October 2023 is biography reading time. Or at least it was for me, especially online. Therefore, another online reader copy I found that was also a biography of someone I was unaware of, was Beulah Has a Hunch!: Inside the Colorful Mind of master Inventor Beulah Louise Henry. And this gal had a lot of hunches! She figured out issues that others did not see as issues, or felt it could not be done, or might have been specific to say women. But she would even be a pioneer in making the “blinking, moving, etc” dolls we had. And one thing Beulah was, was she was stubborn and she would not take no for an answer. The publisher’s description says she “thrived in a man’s world” and brought to light “neurodiversity before the term was coined.” She was different, and not just because she wanted to do “unlady-like things” (like science) she had hyperphantasia and synesthesia.
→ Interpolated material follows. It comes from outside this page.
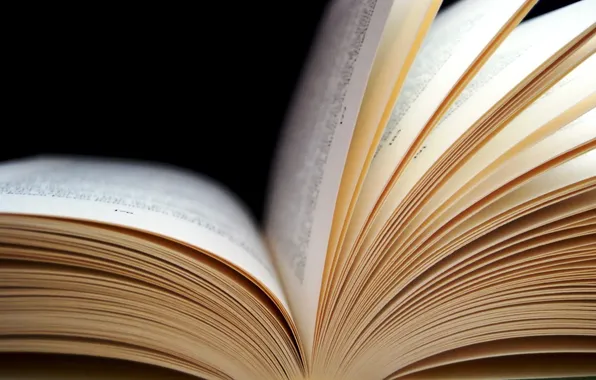 Macro, text, book, page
And she took full advantage of her differences. She would celebrate that she saw things in full imagery in her mind, it just was not always easy to get it out, so she would work with others, and her ability to assign the patterns of colors to her works.
I say this is a great picture book biography about a woman we know little about but helped shape the world we have today. The interesting part is how (publisher description) she was featured in magazines for women, in magazines for scientists, and in local newspapers. Therefore she got recognition during her lifetime, even for the fact she would have more patents than any other woman, not just the inventions that those patents went to. Yet, she was lost to mainstream history. Therefore, again this is a good introduction to a woman that had science smarts and would have done well no matter what field she went into and Katie Mazeika gives us that look in a longer picture book due in mid-October 2023.
Mazeika also gives us the cool imagery that goes with their text. Boldly done, the art supports the story and is inspired by the personality of Henry themselves.